(Provided material Opens)

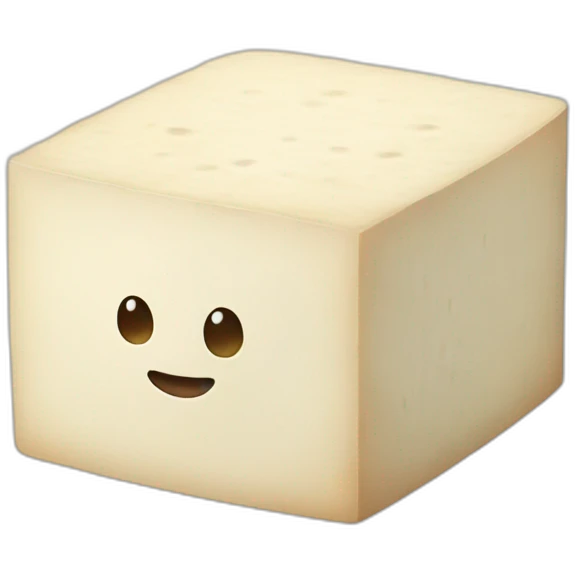 round tofu emoji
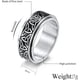 thumbnail image 5 of SINLEO Anillo de ansiedad de acero inoxidable con nudo celta, anillo giratorio para hombres y mujeres, anillos inquietos, herramienta para aliviar el estrés, joyería para la ansiedad, 5 of 5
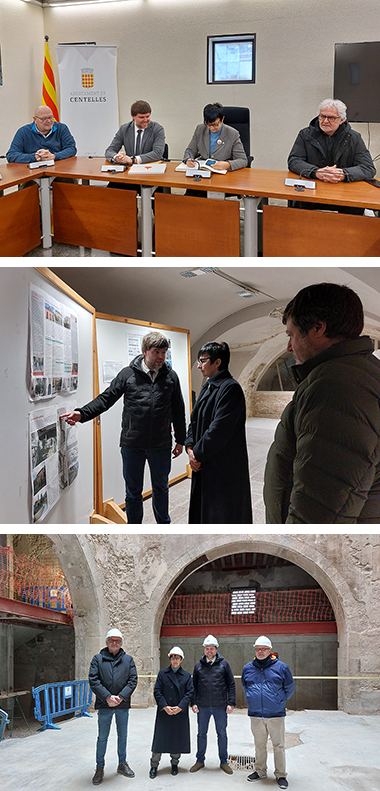 La subdelegada del Govern visita Centelles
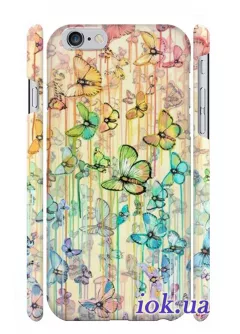 Чехол с яркими бабочками для iPhone 6/6S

(Provided material Closes)

Your goal
Pictures are to be left out, and each line from the one that contains "La subdelegada del Govern visita Centelles" through the end of the listing is to be copied exactly.

Result of the exercise
 La subdelegada del Govern visita Centelles
 Чехол с яркими бабочками для iPhone 6/6S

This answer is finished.